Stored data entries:
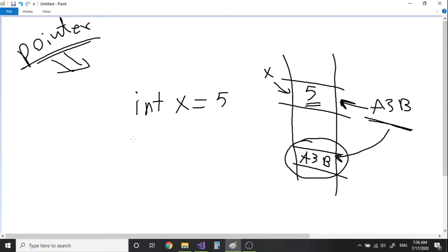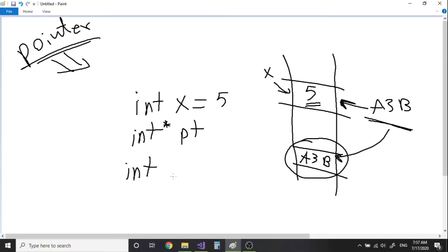To get this to work you need to create a pointer. The syntax of a pointer is very similar to the syntax of a variable. The only difference is you have options for where to place the asterisk — closer to the data type declaration, closer to the variable name, or in the middle. For example: integer *pt. After you create the pointer, you can store the address of x — which is A3B — inside this pointer. You do that using the ampersand operator and the variable name: pt = &x.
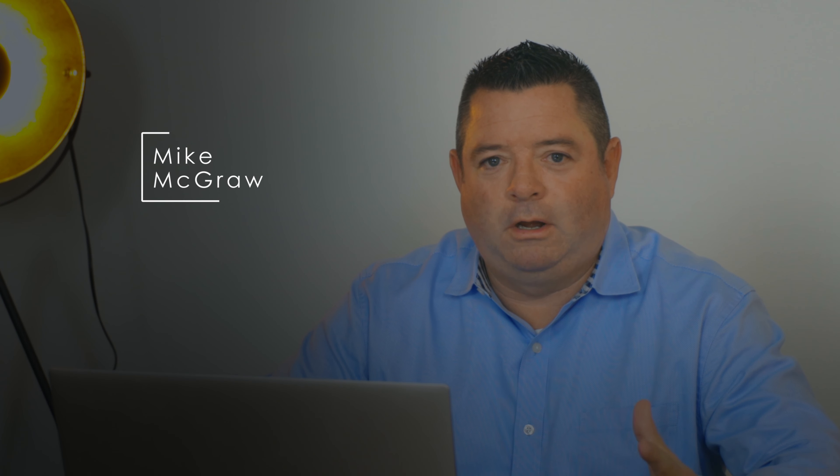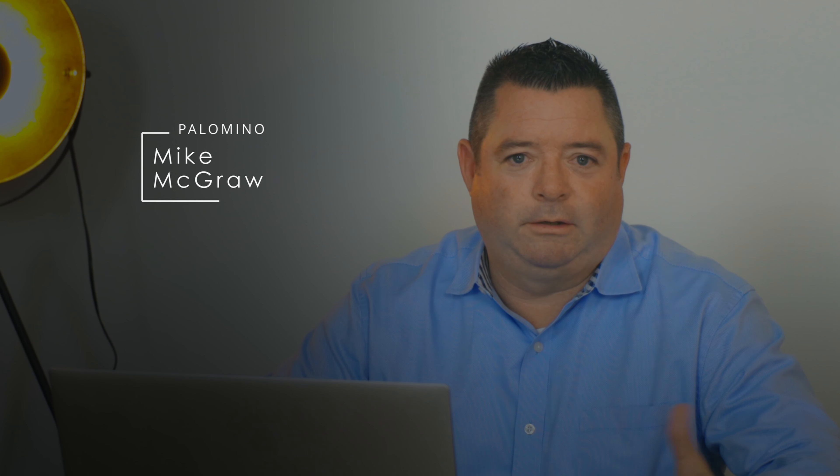Hi, my name is Mike McGraw with Palomino. We're going to be talking about your truck campers today and more specifically about your options for your soft side backpack edition.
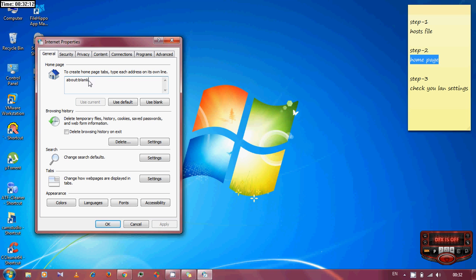If it is about blank, it is ok. Or if it is Microsoft's own website, then it will also be ok. But if you find any anonymous browser entries here, just change it.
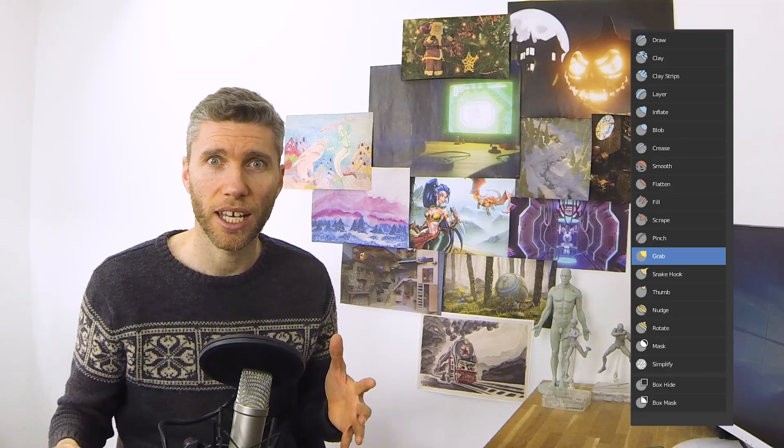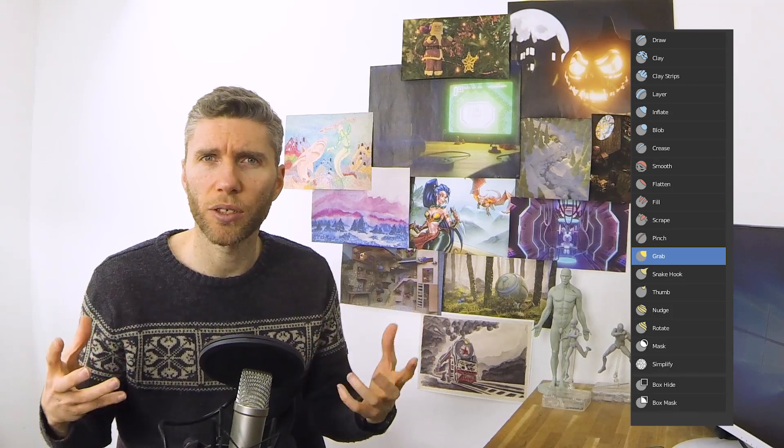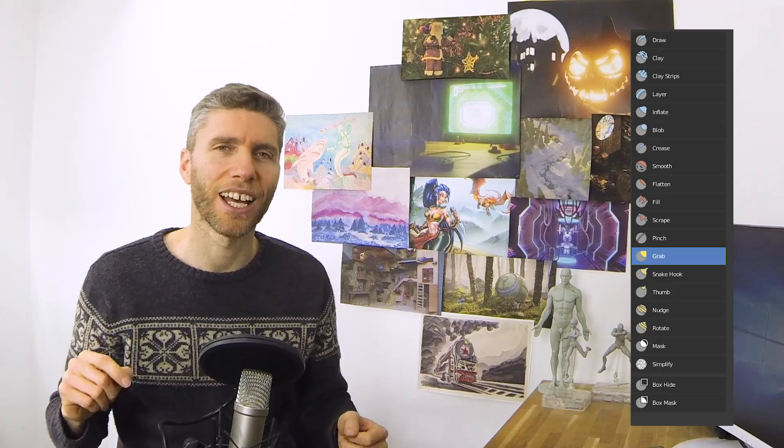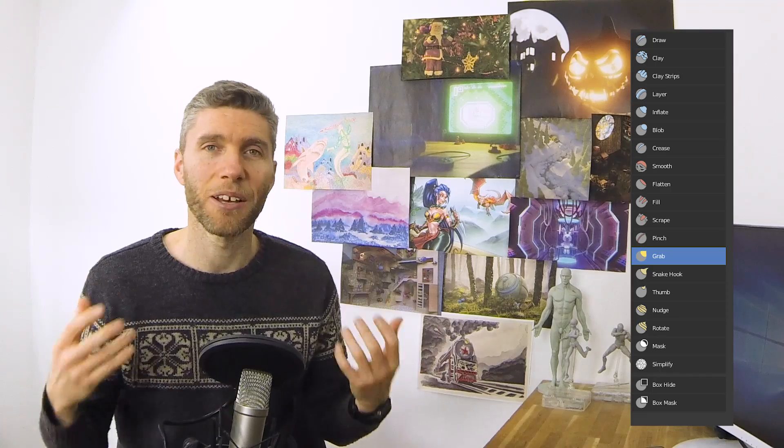Sculpt mode is much nicer as well. It's much quicker to select the brushes — you don't need to create your own shortcuts. I can just quickly click on the brushes rather than having to open a menu and choose my brush like in 2.79. That added click takes maybe a second, but it soon adds up and disrupts your flow. They've really thought about that in 2.8.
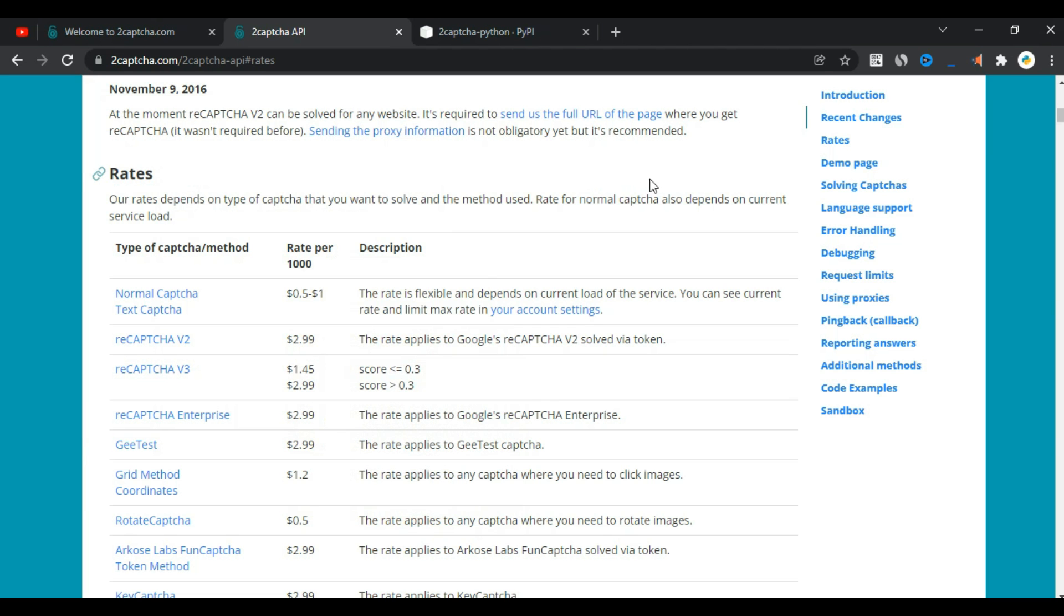Welcome to a new video. Today we will talk about an important topic, which is skipping the CAPTCHA.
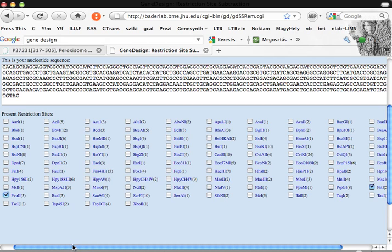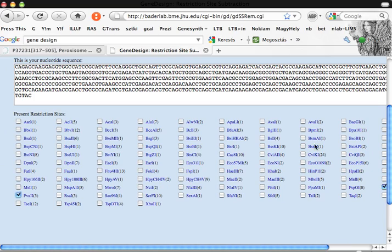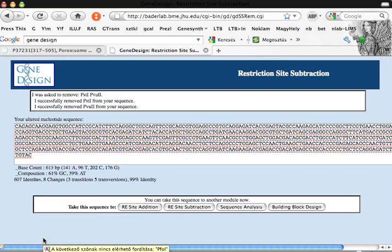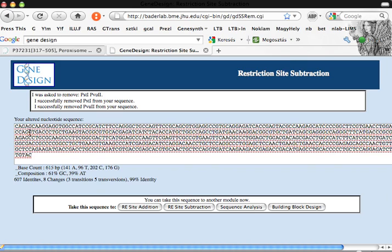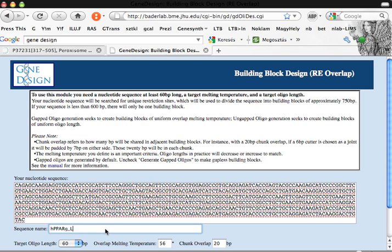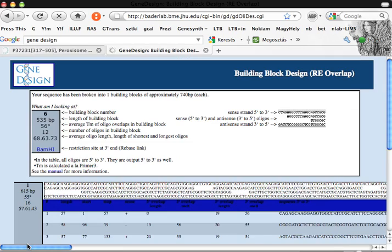What we found is PvuII, 3 sites, and PstI, 5 sites. Let's press to remove these sites and what we got is the sequence of the PPAR Gamma LBD. So let's go to building block design. Right here, PPAR Gamma human PPAR Gamma LBD.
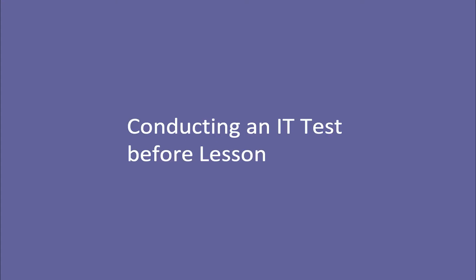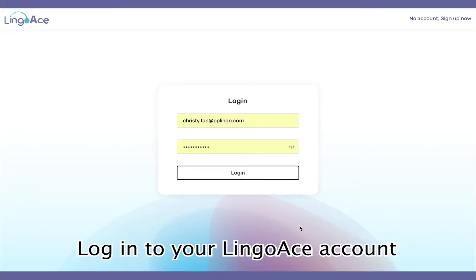Conducting an IT Test on Desktop or Laptop. First, log in to your LingoAce account.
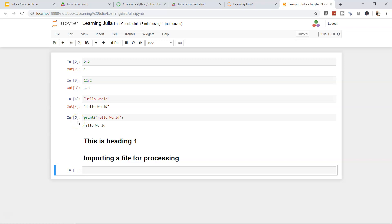Let's start with variable operations. If you are coming from a previous programming language, you know that variables are used as a placeholder. For example, if you are in a loan department and you want to create a program which calculates EMIs whenever a requester comes in, based on the loan amount, rate of interest, and tenure, you want to create a program which calculates the EMIs.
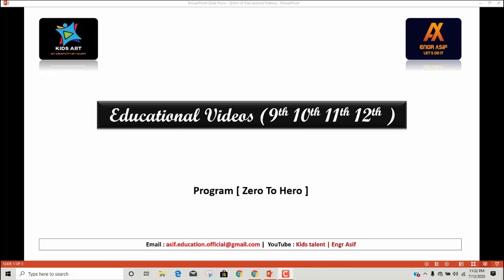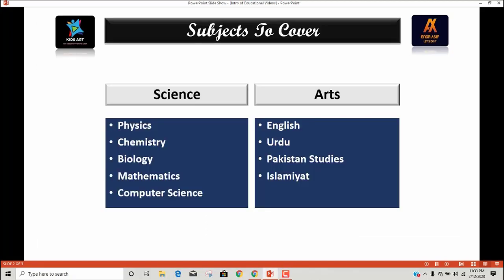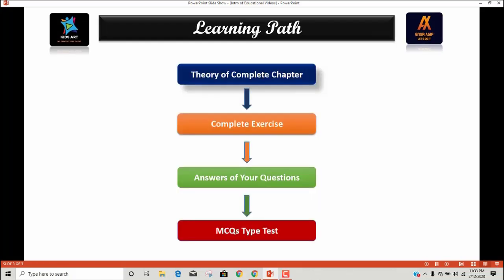As you can see in this slide, we have categorized the subjects into two different categories: Science and Arts. For now, our major focus is science subjects. We will cover all the subjects of both science and arts, but for now we will start with science subjects and in the future we will also cover the arts subjects.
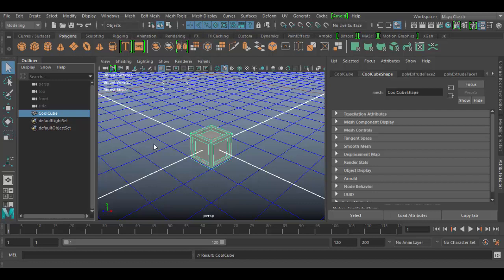All right, welcome back to Autodesk Maya. In this tutorial we're going to discover the Repro node in a mash network. So I have this cool cube which I created in a previous tutorial, and I'm going to add a couple other simple primitives.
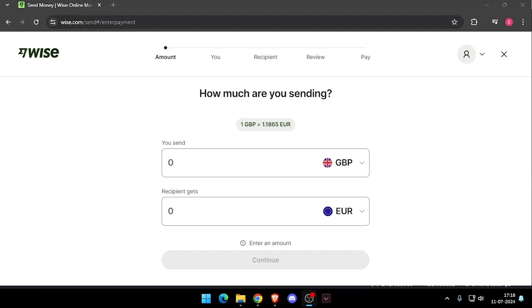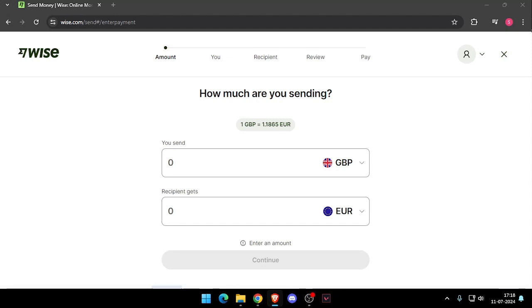Hello and welcome back to my channel. In today's video I will show you how to transfer money from London to Belgium without going to the bank. So let's get started.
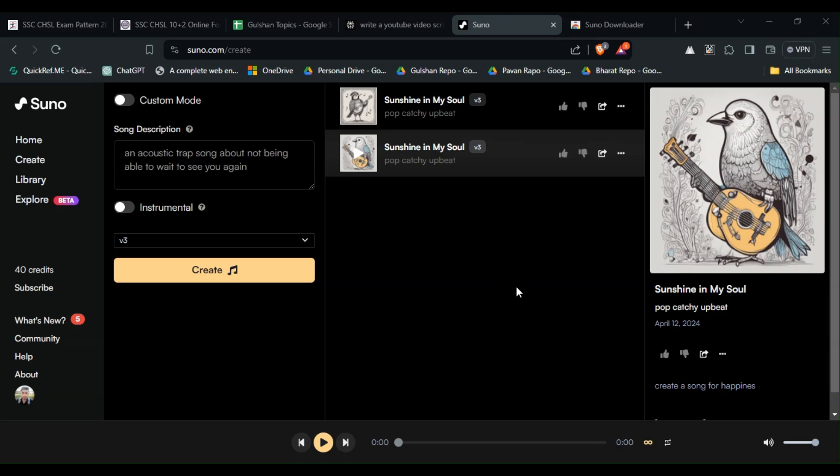So there you have it. You are now able to download songs from Suno AI as a free user. If you found this video helpful, don't forget to like, share, and subscribe for more tech tips and tutorials. Goodbye, bye.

◆ **EXERCISE BRIEF**
Reproduce the data above word for word and omit the images.

◆ **RESPONSE TO THIS EXERCISE**
To get this to work you need to create a pointer. The syntax of a pointer is very similar to the syntax of a variable. The only difference is you have options for where to place the asterisk — closer to the data type declaration, closer to the variable name, or in the middle. For example: integer *pt. After you create the pointer, you can store the address of x — which is A3B — inside this pointer. You do that using the ampersand operator and the variable name: pt = &x.
Hi, my name is Mike McGraw with Palomino. We're going to be talking about your truck campers today and more specifically about your options for your soft side backpack edition.
If it is about blank, it is ok. Or if it is Microsoft's own website, then it will also be ok. But if you find any anonymous browser entries here, just change it.
Sculpt mode is much nicer as well. It's much quicker to select the brushes — you don't need to create your own shortcuts. I can just quickly click on the brushes rather than having to open a menu and choose my brush like in 2.79. That added click takes maybe a second, but it soon adds up and disrupts your flow. They've really thought about that in 2.8.
Welcome to a new video. Today we will talk about an important topic, which is skipping the CAPTCHA.
What we found is PvuII, 3 sites, and PstI, 5 sites. Let's press to remove these sites and what we got is the sequence of the PPAR Gamma LBD. So let's go to building block design. Right here, PPAR Gamma human PPAR Gamma LBD.
Conducting an IT Test on Desktop or Laptop. First, log in to your LingoAce account.
Let's start with variable operations. If you are coming from a previous programming language, you know that variables are used as a placeholder. For example, if you are in a loan department and you want to create a program which calculates EMIs whenever a requester comes in, based on the loan amount, rate of interest, and tenure, you want to create a program which calculates the EMIs.
As you can see in this slide, we have categorized the subjects into two different categories: Science and Arts. For now, our major focus is science subjects. We will cover all the subjects of both science and arts, but for now we will start with science subjects and in the future we will also cover the arts subjects.
All right, welcome back to Autodesk Maya. In this tutorial we're going to discover the Repro node in a mash network. So I have this cool cube which I created in a previous tutorial, and I'm going to add a couple other simple primitives.
Hello and welcome back to my channel. In today's video I will show you how to transfer money from London to Belgium without going to the bank. So let's get started.
So there you have it. You are now able to download songs from Suno AI as a free user. If you found this video helpful, don't forget to like, share, and subscribe for more tech tips and tutorials. Goodbye, bye.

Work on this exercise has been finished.